The winner of the seven-year mandate requires a two-thirds majority within the first three rounds of voting; from the fourth, an absolute majority is sufficient. Only on three occasions in the history of the election has a new president emerged in the first round.
Berlusconi, who served Italy four times as prime minister, failed to garner enough support for his bid and in a heartfelt letter wrote that in the spirit of “national responsibility” he asked his backers to “give up” identifying him as a contender.
On Sunday, he checked into hospital for “routine” checks, his spokesman said, although two sources told Reuters that he had been in hospital since Thursday and there were reports in the Italian media that his family had been worried about his health.
Even though there are no official candidates in Italy’s presidential election, the 85-year-old broke from tradition and campaigned by calling up unaffiliated parliamentarians to tap them for votes, while augmenting his public persona by publishing full-page adverts in national newspapers highlighting personality traits and accomplishments that he said made him the best person for the job.
His renouncement removed an obstacle to negotiations on a mutually agreeable candidate between the political party leaders.
Italian Prime Minister Mario Draghi, who has been credited with restoring stability in Italian politics, is seen as the frontrunner, even if broad support is not guaranteed over fears his move to the presidential palace could trigger early elections.
The most crucial issue at stake is the Italian government’s adherence to the reforms that need to be enacted to secure installments from the EU’s post-COVID-19 pandemic recovery fund, of which Italy is the biggest beneficiary.

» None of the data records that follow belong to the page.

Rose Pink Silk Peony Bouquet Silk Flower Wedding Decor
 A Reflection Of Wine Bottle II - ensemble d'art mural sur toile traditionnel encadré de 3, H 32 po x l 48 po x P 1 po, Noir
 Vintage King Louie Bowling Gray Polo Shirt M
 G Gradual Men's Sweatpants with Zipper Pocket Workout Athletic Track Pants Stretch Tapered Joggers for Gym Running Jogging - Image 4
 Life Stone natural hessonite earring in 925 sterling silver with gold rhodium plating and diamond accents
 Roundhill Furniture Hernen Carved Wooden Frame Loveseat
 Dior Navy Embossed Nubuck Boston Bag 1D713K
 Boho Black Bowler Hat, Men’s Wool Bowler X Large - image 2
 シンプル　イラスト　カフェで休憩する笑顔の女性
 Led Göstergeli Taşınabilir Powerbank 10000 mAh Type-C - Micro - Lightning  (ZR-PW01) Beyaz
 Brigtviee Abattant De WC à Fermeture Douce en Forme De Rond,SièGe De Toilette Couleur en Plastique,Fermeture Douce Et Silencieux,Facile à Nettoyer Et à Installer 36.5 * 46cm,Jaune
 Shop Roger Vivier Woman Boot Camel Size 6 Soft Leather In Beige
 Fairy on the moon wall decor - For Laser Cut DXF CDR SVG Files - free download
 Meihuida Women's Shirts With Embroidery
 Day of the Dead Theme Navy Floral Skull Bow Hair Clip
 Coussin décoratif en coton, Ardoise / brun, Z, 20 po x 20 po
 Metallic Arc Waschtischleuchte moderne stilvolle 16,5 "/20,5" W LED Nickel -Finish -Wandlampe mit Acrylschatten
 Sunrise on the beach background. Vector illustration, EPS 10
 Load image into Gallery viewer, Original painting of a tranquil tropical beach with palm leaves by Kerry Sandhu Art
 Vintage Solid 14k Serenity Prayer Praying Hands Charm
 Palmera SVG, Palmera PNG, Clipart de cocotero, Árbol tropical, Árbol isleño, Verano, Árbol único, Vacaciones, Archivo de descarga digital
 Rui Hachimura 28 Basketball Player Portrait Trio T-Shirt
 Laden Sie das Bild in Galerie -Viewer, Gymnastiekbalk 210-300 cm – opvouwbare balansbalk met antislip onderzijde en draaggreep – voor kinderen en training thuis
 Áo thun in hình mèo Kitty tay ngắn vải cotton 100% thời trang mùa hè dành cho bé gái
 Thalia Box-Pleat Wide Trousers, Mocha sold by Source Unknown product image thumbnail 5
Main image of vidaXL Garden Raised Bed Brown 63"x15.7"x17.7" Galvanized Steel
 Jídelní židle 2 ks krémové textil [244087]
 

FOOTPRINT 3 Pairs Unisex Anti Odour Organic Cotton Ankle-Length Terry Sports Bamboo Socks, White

Italy’s president is a largely ceremonial role, albeit with the power to resolve political crises, pick prime ministers, call early elections and approve or scrap laws.
Draghi, 74, has neither confirmed nor denied his interest in becoming president. Other possible contenders for the presidency include Pier Ferdinando Casini, a centrist senator who reportedly has good cross-party relations, Marta Cartabia, the justice minister, and Giuliano Amato, a former prime minister.
Neither the left nor the right hold enough power in parliament to call the shots, so the deadlock will need to be broken. Parliamentarians would vote once a day until a winner emerges.